Taliban attackieren Gästehaus in Kabul

Kämpfer der radikal-islamischen Taliban haben in Afghanistan den zweiten schweren Anschlag binnen weniger Tage verübt. Die Extremisten griffen am Abend ein internationales Gästehaus in der Hauptstadt Kabul an und lieferten sich erneut stundenlange Gefechte mit Sicherheitskräften.

Taliban attackieren Gästehaus in Kabul
Jawad Jalali Taliban attackieren Gästehaus in Kabul

Ersten Angaben zufolge starben mindestens vier Menschen, darunter zwei Taliban-Kämpfer.
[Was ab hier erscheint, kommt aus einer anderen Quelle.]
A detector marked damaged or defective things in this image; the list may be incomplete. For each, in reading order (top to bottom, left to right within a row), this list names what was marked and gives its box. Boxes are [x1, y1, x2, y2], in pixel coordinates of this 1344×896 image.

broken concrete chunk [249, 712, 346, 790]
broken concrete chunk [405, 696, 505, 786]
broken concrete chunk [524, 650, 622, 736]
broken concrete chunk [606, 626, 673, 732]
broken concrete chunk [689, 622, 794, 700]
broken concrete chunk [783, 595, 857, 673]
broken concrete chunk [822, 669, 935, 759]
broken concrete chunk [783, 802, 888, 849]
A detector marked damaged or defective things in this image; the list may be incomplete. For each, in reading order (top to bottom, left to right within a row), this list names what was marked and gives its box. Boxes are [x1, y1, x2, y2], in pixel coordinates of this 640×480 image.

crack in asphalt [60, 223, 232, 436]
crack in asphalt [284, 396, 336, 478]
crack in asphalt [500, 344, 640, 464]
Wie viele Menschen sich während der Attacke in dem Gästehaus aufhielten, blieb zunächst unklar - ebenso die Zahl der Angreifer.

Erst am Dienstag und Mittwoch hatten Taliban-Kämpfer den zweitgrößten Flughafen des Landes in Kandahar attackiert. 61 Menschen waren gestorben, darunter die elf Angreifer.
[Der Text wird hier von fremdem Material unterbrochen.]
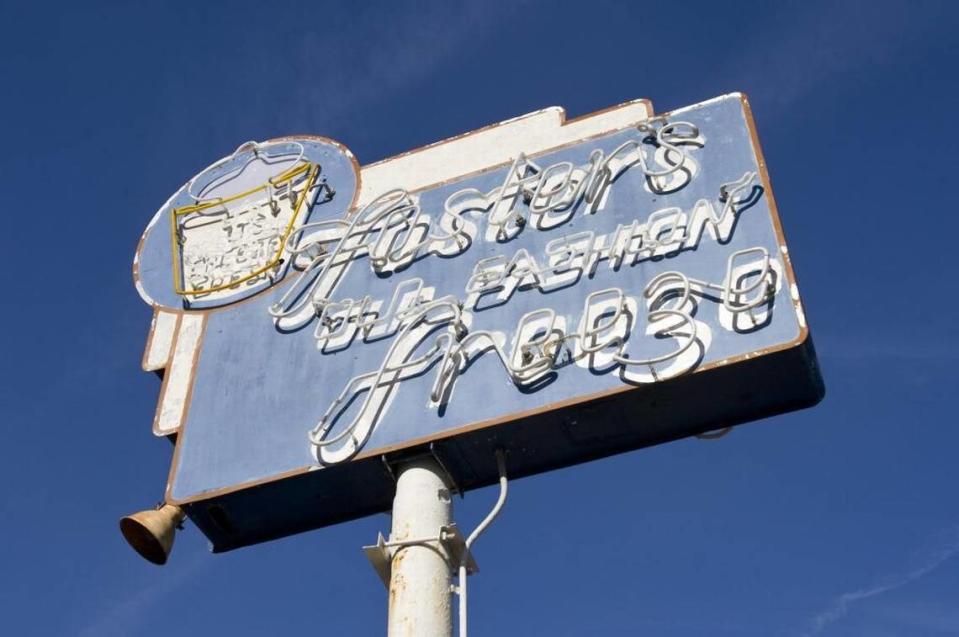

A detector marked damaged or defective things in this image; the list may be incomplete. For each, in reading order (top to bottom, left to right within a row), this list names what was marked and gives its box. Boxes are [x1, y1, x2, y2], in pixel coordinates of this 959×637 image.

rusty pole [386, 458, 454, 636]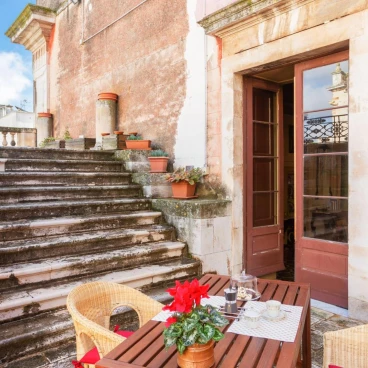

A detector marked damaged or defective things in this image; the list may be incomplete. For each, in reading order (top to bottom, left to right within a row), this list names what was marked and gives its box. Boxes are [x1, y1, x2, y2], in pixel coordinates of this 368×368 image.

peeling plaster wall [48, 0, 190, 157]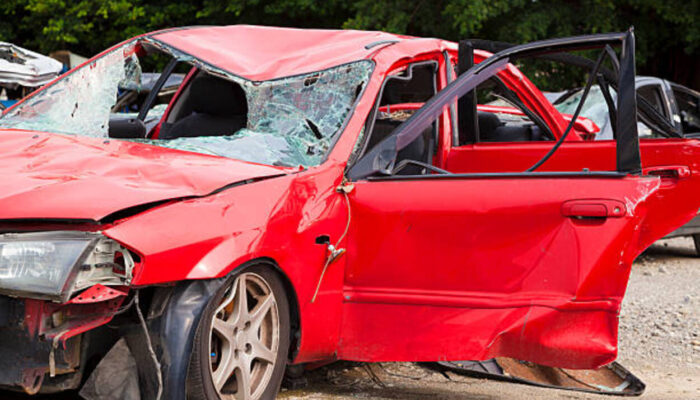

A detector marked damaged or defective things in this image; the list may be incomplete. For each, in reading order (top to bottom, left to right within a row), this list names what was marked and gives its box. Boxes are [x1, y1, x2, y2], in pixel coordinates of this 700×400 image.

crumpled side panel [0, 41, 139, 137]
shattered windshield [0, 39, 372, 167]
crumpled hood [0, 130, 290, 220]
broken headlight [0, 231, 134, 304]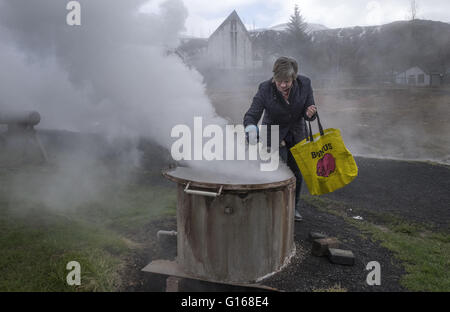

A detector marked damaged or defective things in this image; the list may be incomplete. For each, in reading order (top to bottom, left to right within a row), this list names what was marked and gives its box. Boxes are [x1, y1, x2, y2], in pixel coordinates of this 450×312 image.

rusty metal container [163, 167, 298, 284]
corroded metal [163, 167, 298, 284]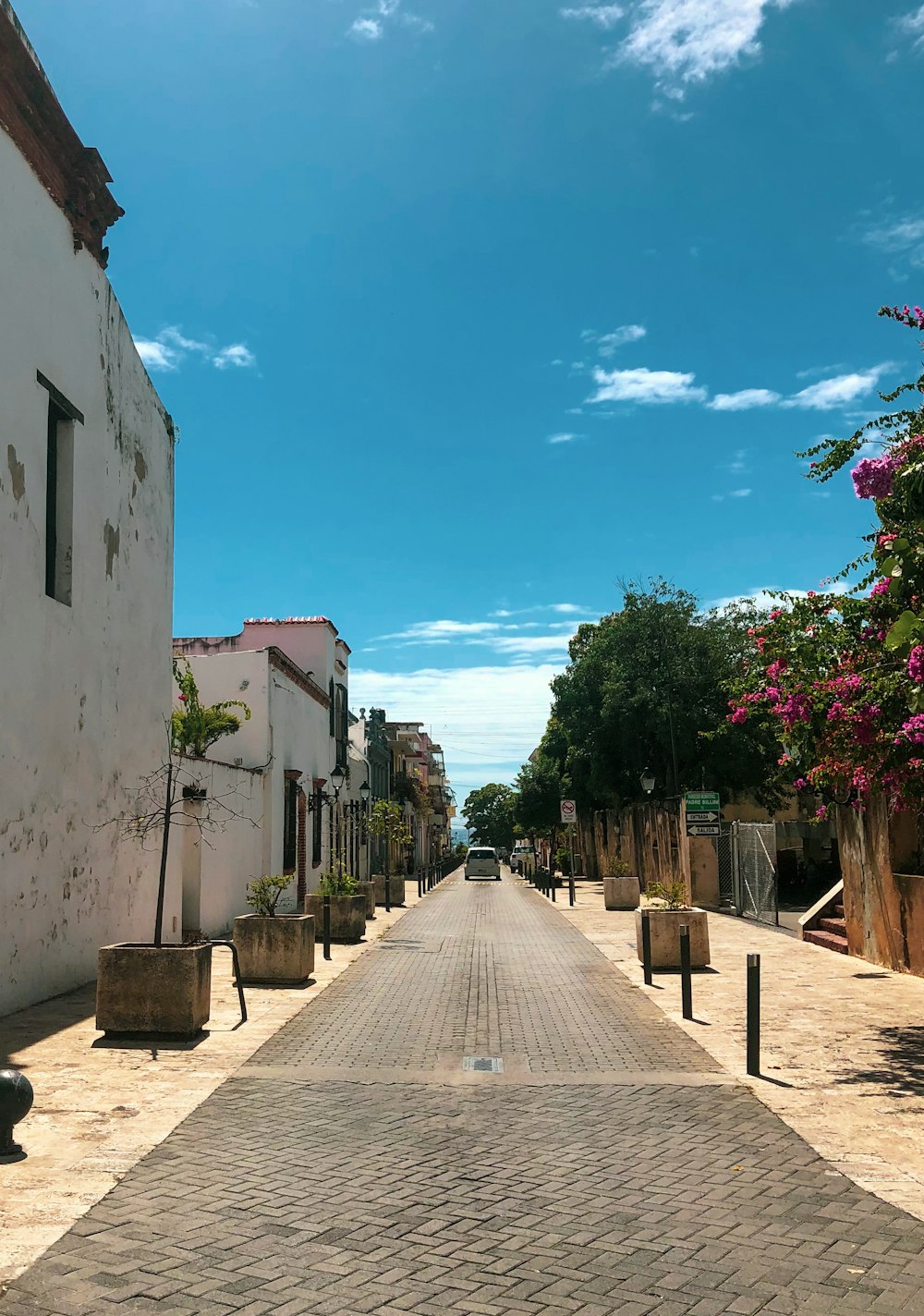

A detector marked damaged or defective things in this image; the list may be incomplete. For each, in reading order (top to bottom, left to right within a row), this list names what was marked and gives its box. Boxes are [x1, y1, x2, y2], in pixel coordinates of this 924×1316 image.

peeling paint wall [0, 121, 175, 1016]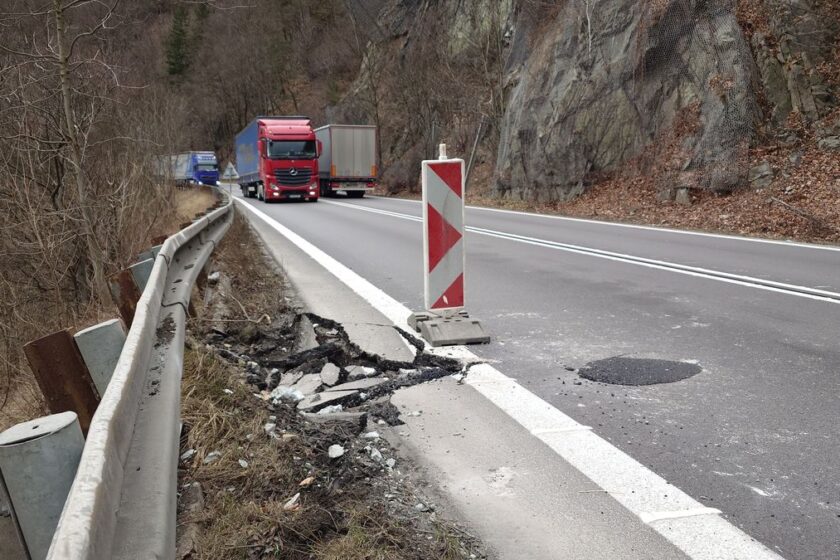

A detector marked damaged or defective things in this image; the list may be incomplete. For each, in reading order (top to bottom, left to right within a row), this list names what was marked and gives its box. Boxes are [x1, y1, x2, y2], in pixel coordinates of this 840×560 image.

rusty metal post [107, 268, 142, 326]
rusty metal post [22, 330, 100, 436]
dark asphalt repair patch [576, 358, 704, 384]
circular asphalt patch [576, 356, 704, 388]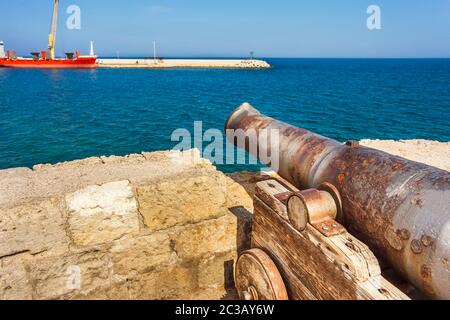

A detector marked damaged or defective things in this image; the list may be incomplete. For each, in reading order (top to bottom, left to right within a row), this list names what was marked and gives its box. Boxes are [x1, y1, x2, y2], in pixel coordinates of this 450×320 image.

rusty cannon [227, 103, 448, 300]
Nach Angaben des afghanischen Innenministeriums zündeten die Extremisten am Freitagabend zunächst eine Autobombe vor dem Tor des Gästehauses im zentralen Stadtteil Scherpur. Taliban-Sprecher Sabiullah Mudschahid teilte über Twitter mit: «Selbstmordattentäter sind in ein Gästehaus ausländischer Besatzer eingedrungen.» Anwohner berichteten von stundenlangen Schüssen nach einer Explosion. Die Gegend wurde demnach abgeriegelt, afghanische Spezialkräfte rückten an.

Verwirrung gab es um das Ziel der Attacke. Das spanische Außenministerium erklärte, der Angriff habe der Botschaft des Landes gegolten. Später dementierte dies Ministerpräsident Mariano Rajoy. Die Botschaft arbeitet in Scherpur in mehreren Gebäuden, von denen einige auch als Gästehäuser dienen.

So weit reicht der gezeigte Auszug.